Cautivo y desarmado el ejército rojo del pensamiento, hace tiempo que nos quedamos sin herramientas para descifrar quién es el culpable de tanto desmán. Enterrada antes de hora la lucha de clases, las insatisfacciones y desdichas acaban siendo responsabilidad de nuestras propias frustraciones. Y frente a ellas sólo tenemos el recurso de la píldora anti-ansiolítica, la sesión de risoterapia, o el bisturí estéticista que nos devuelva la autoestima arrebatada, no por un capitalismo avaricioso de nuestras plusvalías, sino por ese michelín insolente que se empeña en recordarnos su flacidez cada mañana.
Encadenados, así, a un mundo de (i)responsabilidades difusas e impersonales, la búsqueda de un absoluto incuestionable que nos de una respuesta a todo, es otro camino hábilmente potenciado para hacernos esquivar el feo vicio del análisis crítico. Aquí las teorías del complot encuentran su hábitat natural, con una larga historia que abarca desde la famosa conspiración judeomasónica del extinto caudillo por la gracia de Dios, al asesinato de Kennedy, pasando, como no, por el Eje del Mal de Al Qaeda, los etarras de Mariano Rajoy o Fu Manchú.
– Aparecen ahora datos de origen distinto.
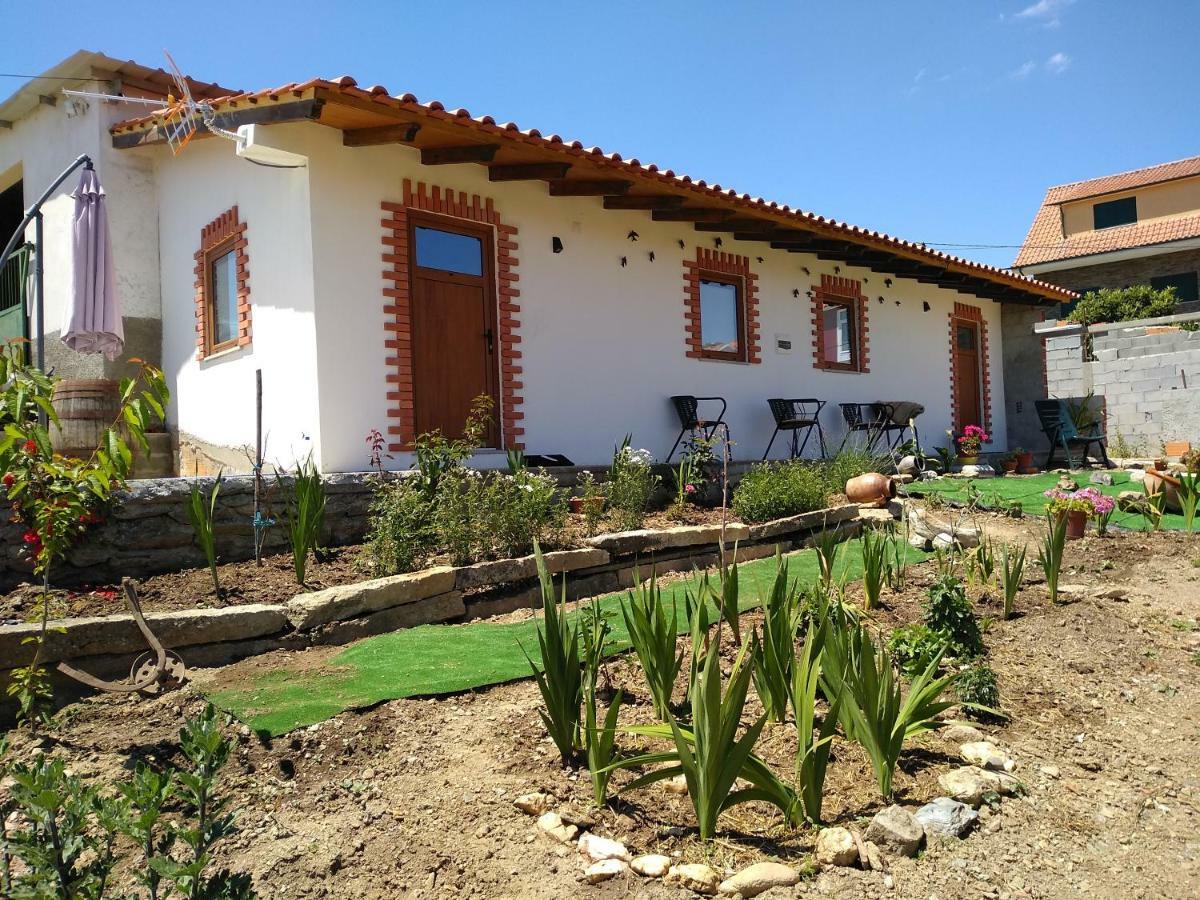 Casas De Campo Podence 라세도데카발라이로스 외부 사진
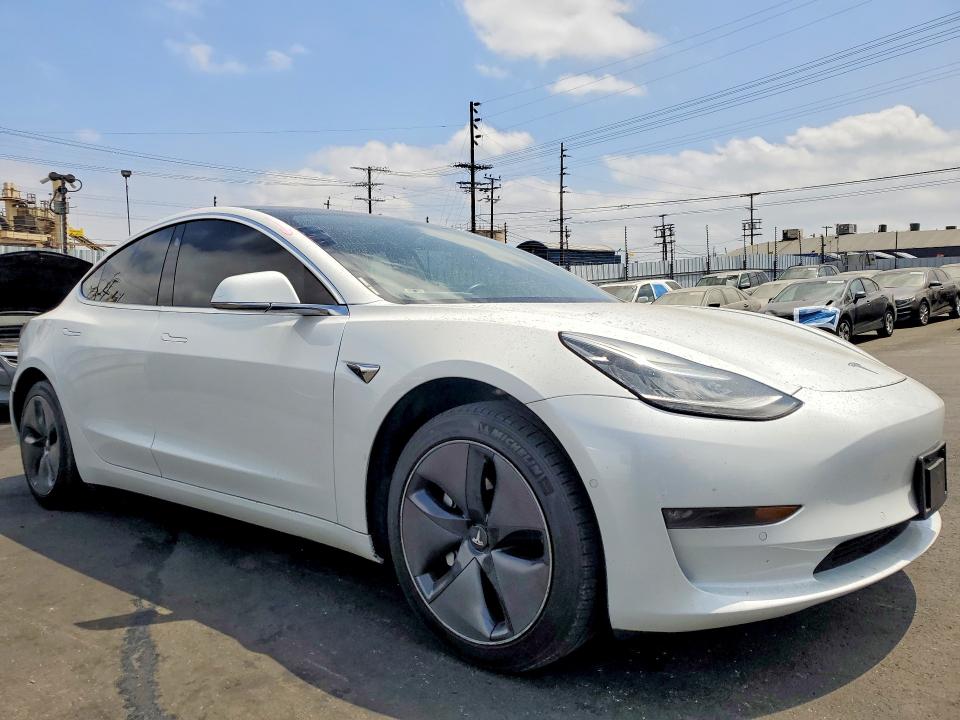 Photo 4 from auction – 2017 TESLA MODEL 3 with VIN 5YJ3E1EA2HF003128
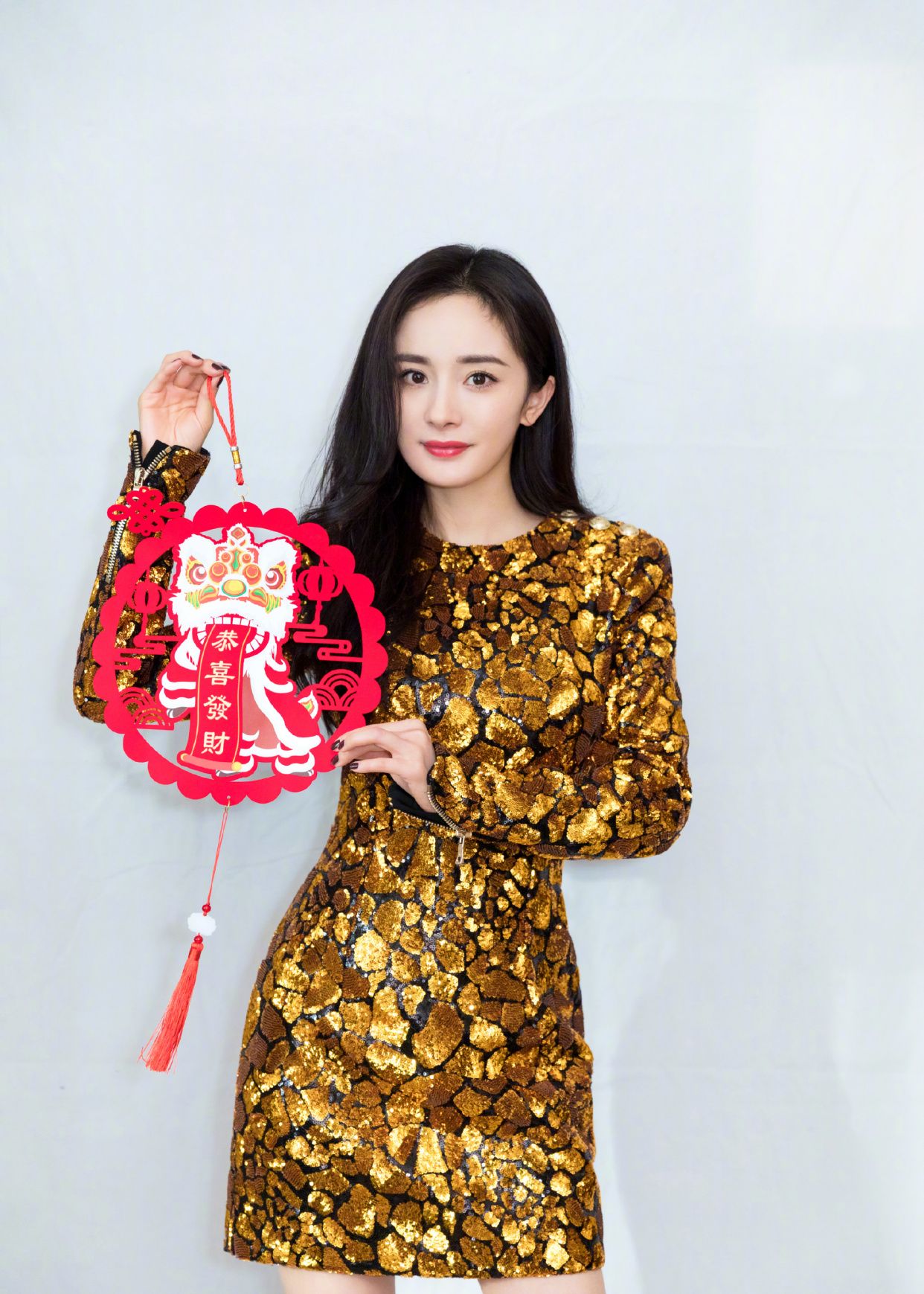 杨幂穿早春新款拍摄拜年大片,祝大家新年快乐,平平安安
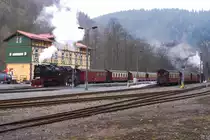 Zugkreuzung am sp�ten Nachmittag des 06.04.2012 im Bahnhof  Eisfelder Talm�hle . W�hrend P 8929 (links im Bild), aus Wernigerode kommend, gleich nach Nordhausen-Nord weiterdampft, wird P 8964 zur selben Zeit die Selketalstrecke in Richtung Alexisbad, Gernrode und Quedlinburg in Angriff nehmen.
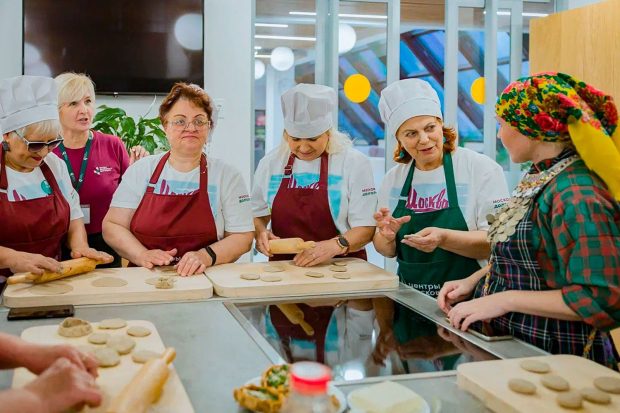 Семейные рецепты и национальная кухня: около 100 кулинарных клубов открыли участники «Московского долголетия» 4 5c86ca53a627016c29b22d2bd79e2c1f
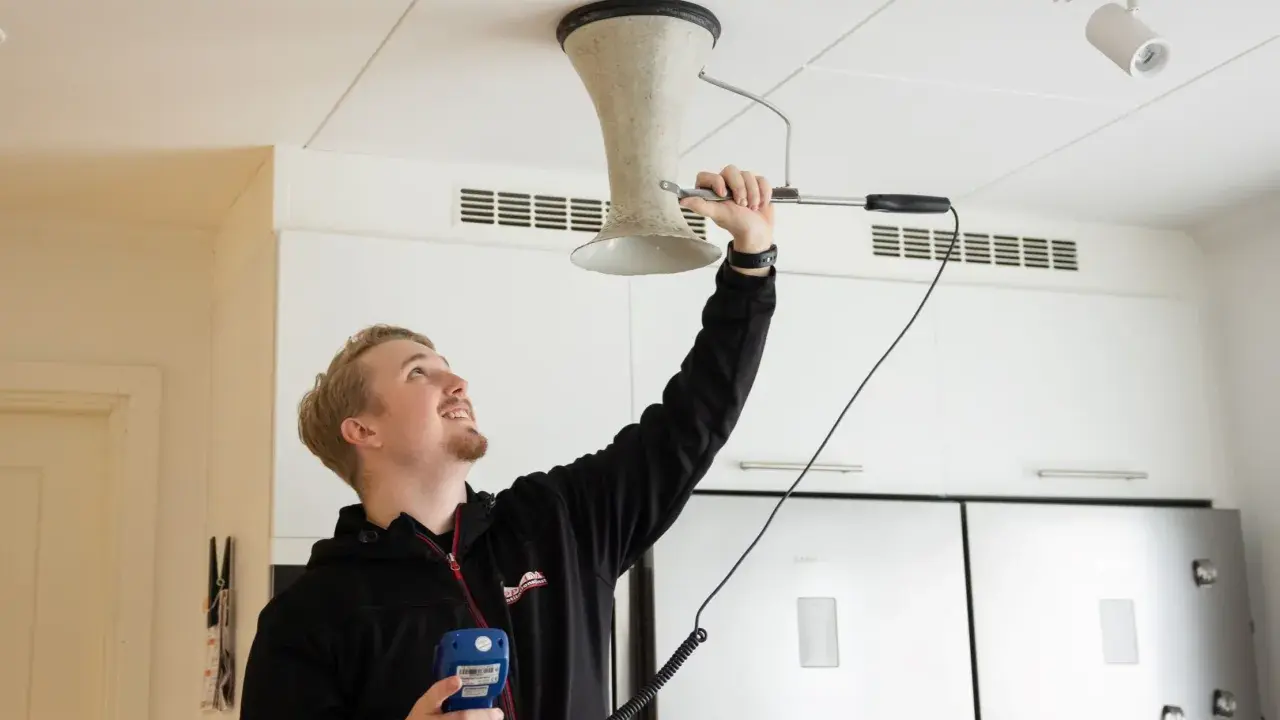Man mäter ventilationen i taket med en mätutrustning. Man undrar ovk hur ofta detta görs.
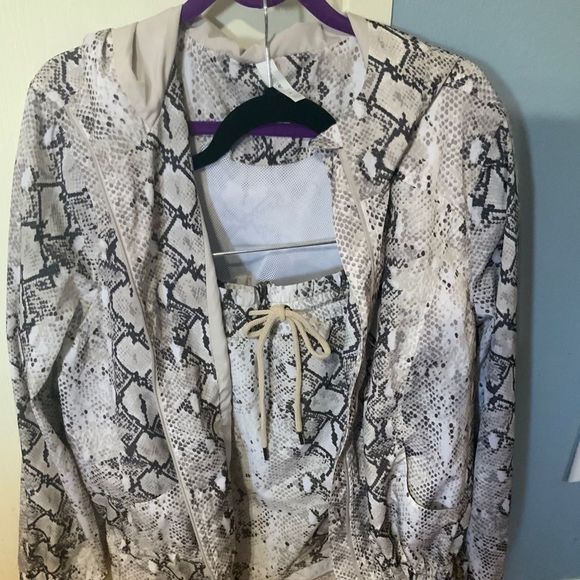 Ideology Skirt and Hoodie SNAKE-PRINT purchased at Nordstrom NWOT - Picture 4 of 12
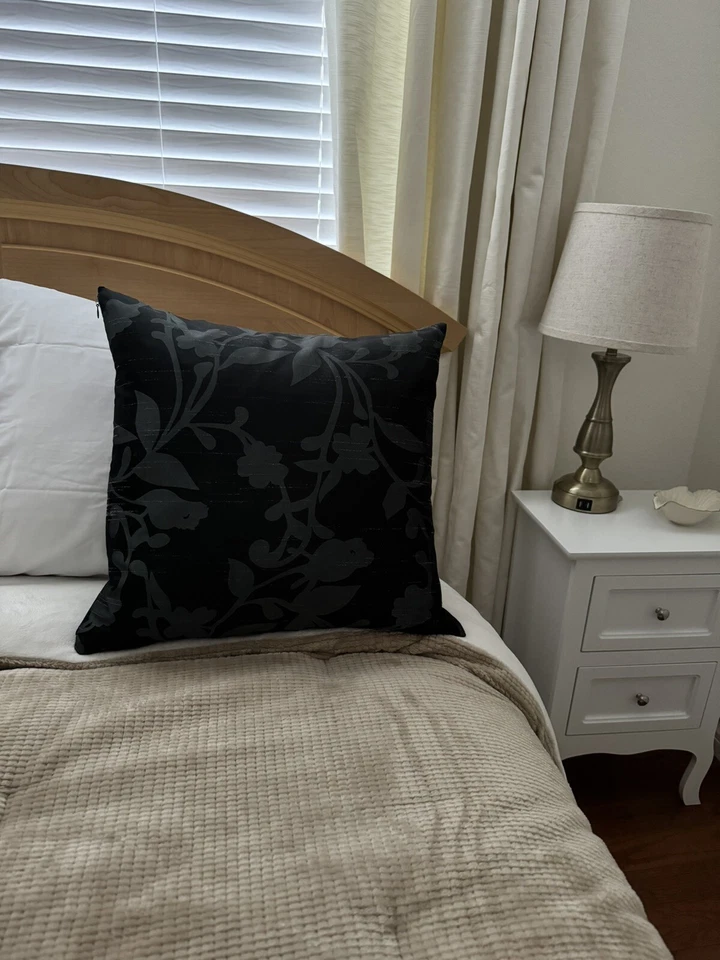 almohada pluma trow Foto 3 de 4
Frente a este frenesí que nos conduce indiferentemente de la depresión bipolar a la esquizofrenia colectiva, escuchar de vez en cuando voces clamando por la cordura es siempre de agradecer en este desierto de incertidumbres. Una de las más recientes es la de Lars Von Trier y su última película El jefe de todo esto. Con su personal Dogma antidogmático, el cineasta danés hace honor a la tradición de sus padres –comunistas y nudistas- y nos desnuda ante la pantalla el cínico comportamiento de este capitalismo de ficción que diría Vicente Verdú, que ha hecho de la invención de un responsable último irreal y de la creación de unos redes afectivas y amables dentro del sistema, su herramienta de control más implacable, capaz de fagocitar hasta los más críticos a cambio de un segundo de gloria.
Allá por los años 20, Sergei Einsenstein trabajaba con llevar a la pantalla grande una película que plasmara El Capital del Karl Marx. Casi un siglo después, el cineasta nórdico casi lo consigue, desentrañando las entrañas del sistema con su peculiar fusión entre el materialismo dialéctico y la comedia clásica. El resultado es demoledor. Aunque, si la visión del filme no nos ayuda a orientarnos en nuestras vidas, tampoco está de más la fórmula que me recomendaba un veterano periodista madrileño al calor de unos vinos: “Todo lo que vaya en contra del Estado, la patronal, el clero y el ejercito es bueno”. Pues eso, al fin y al cabo, para la risoterapia siempre estamos a tiempo.